_About this task_
Using the material below, repeat exactly the lines from the one with "Target Name: PPID" through the one with "hair transplant in Iran", ends included, without any images.

_The data_
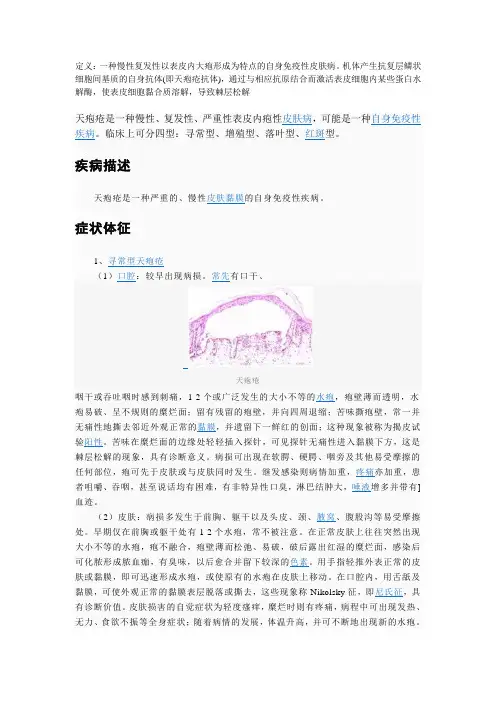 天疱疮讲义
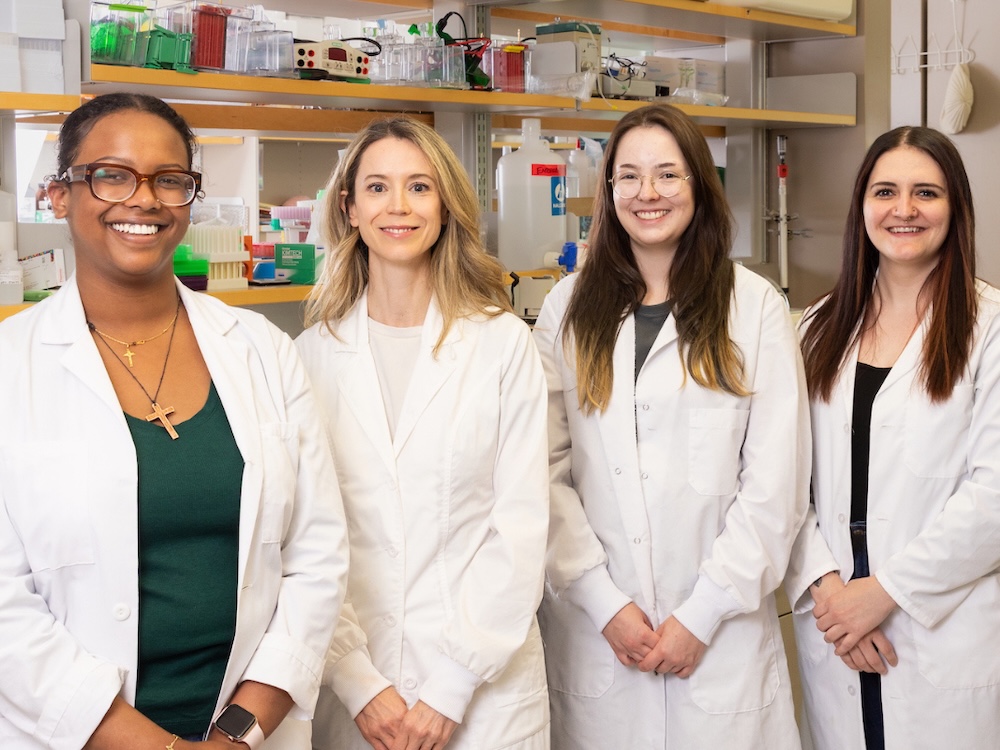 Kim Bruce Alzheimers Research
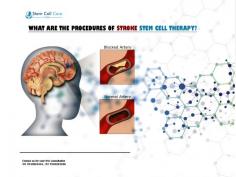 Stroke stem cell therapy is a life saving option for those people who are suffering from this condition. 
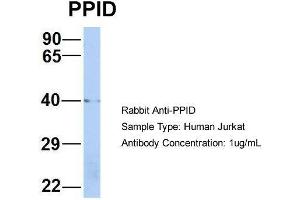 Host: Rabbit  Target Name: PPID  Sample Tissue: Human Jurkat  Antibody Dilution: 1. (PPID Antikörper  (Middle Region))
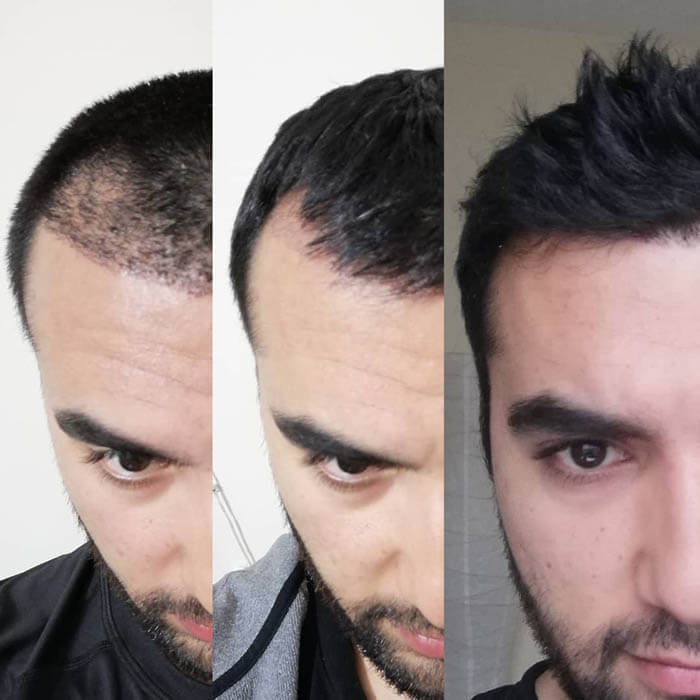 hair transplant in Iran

--

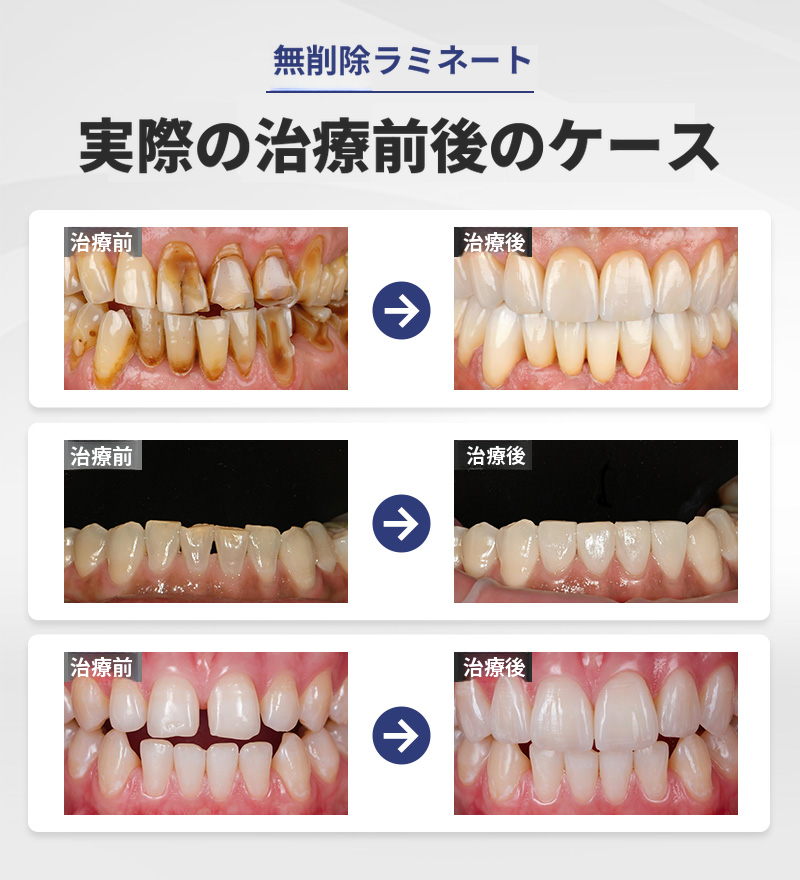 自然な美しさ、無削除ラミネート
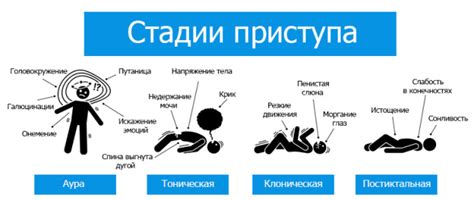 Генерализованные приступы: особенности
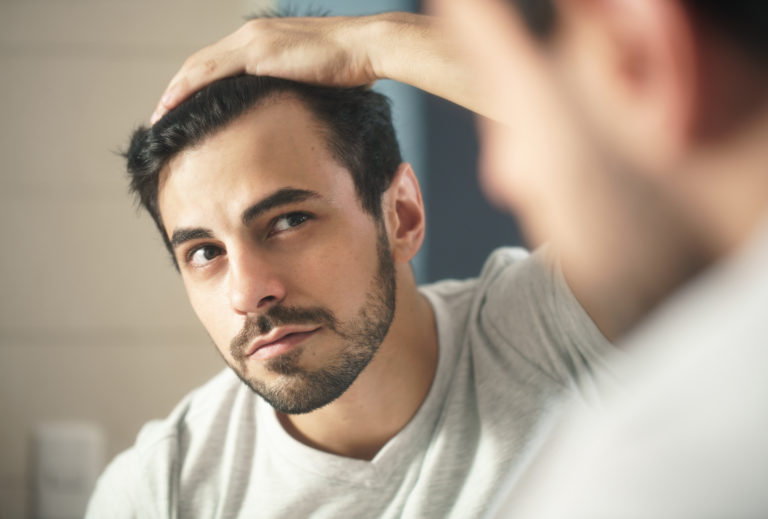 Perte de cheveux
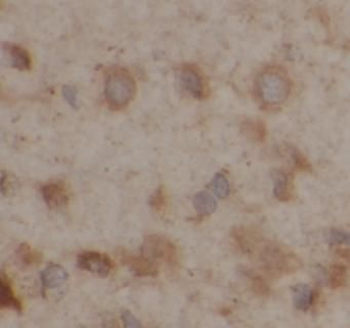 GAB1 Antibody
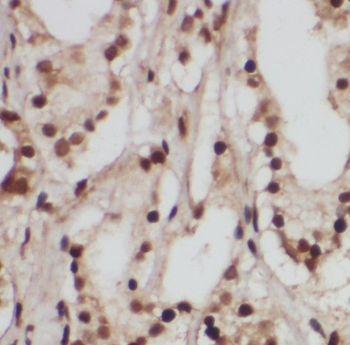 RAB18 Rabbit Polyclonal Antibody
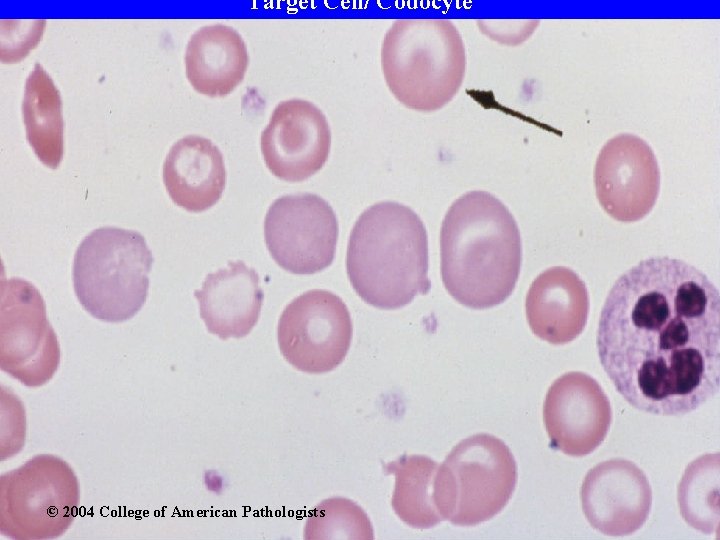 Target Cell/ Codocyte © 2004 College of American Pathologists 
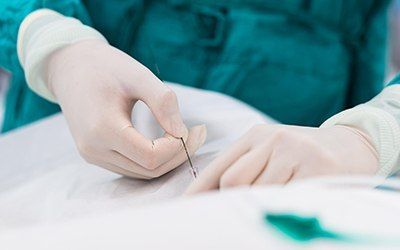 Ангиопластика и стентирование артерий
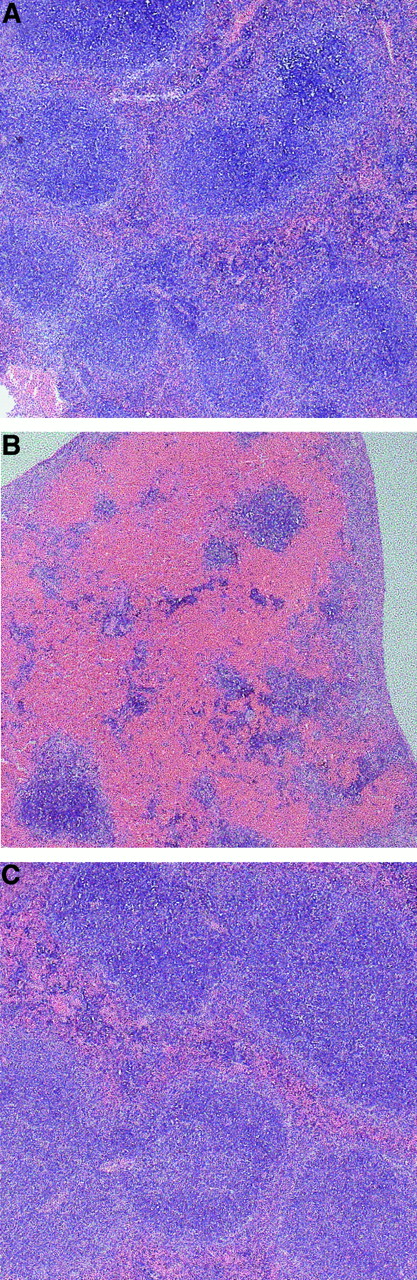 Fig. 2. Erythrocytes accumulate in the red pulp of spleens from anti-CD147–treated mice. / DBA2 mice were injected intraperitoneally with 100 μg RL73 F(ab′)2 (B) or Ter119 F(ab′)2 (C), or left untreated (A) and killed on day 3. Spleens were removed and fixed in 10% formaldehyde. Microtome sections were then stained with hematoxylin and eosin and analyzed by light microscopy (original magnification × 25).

...

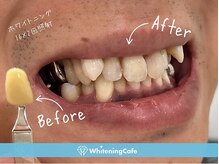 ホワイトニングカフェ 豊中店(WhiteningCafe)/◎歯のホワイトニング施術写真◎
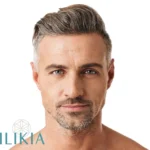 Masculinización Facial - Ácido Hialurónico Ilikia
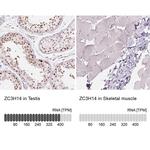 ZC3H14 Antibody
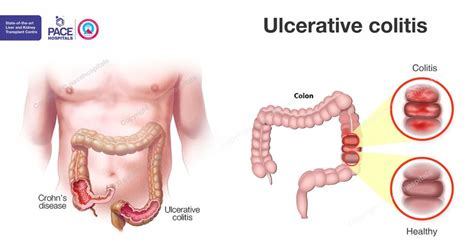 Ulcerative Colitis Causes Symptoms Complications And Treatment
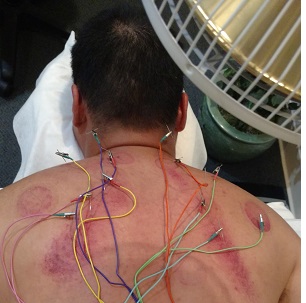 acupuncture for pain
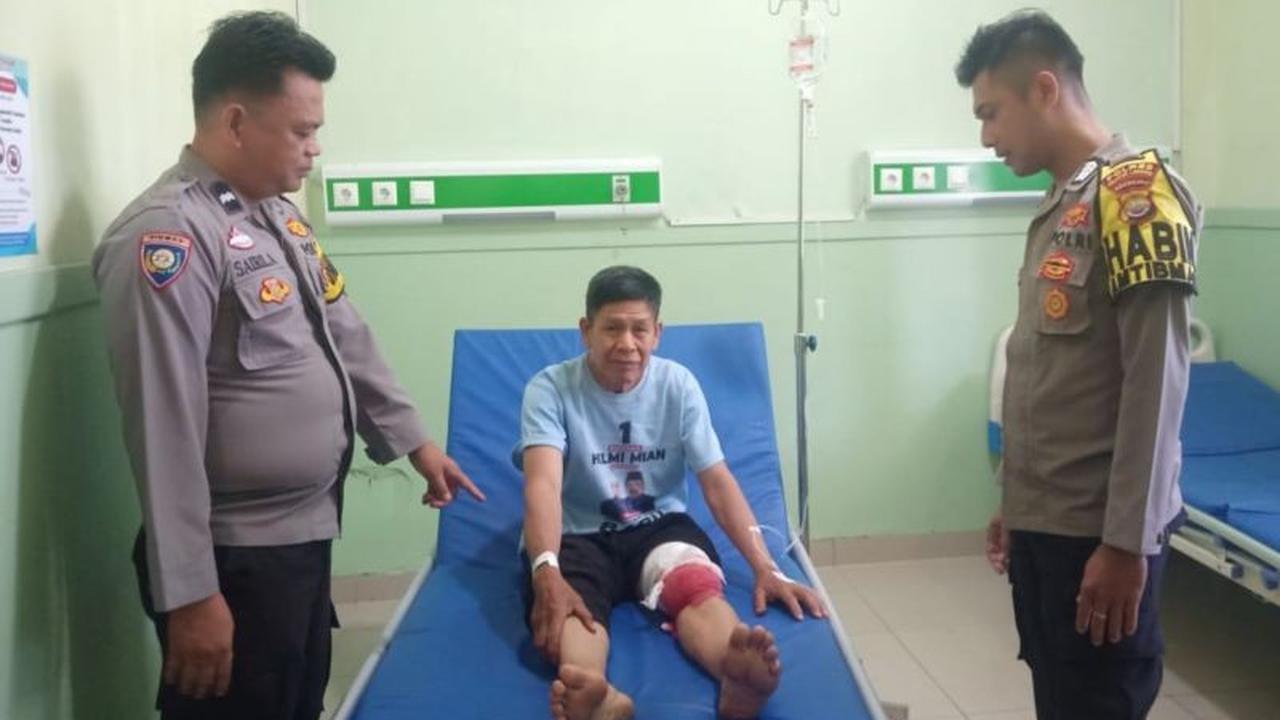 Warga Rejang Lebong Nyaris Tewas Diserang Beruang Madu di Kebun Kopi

_Expected output_
 Host: Rabbit  Target Name: PPID  Sample Tissue: Human Jurkat  Antibody Dilution: 1. (PPID Antikörper  (Middle Region))
 hair transplant in Iran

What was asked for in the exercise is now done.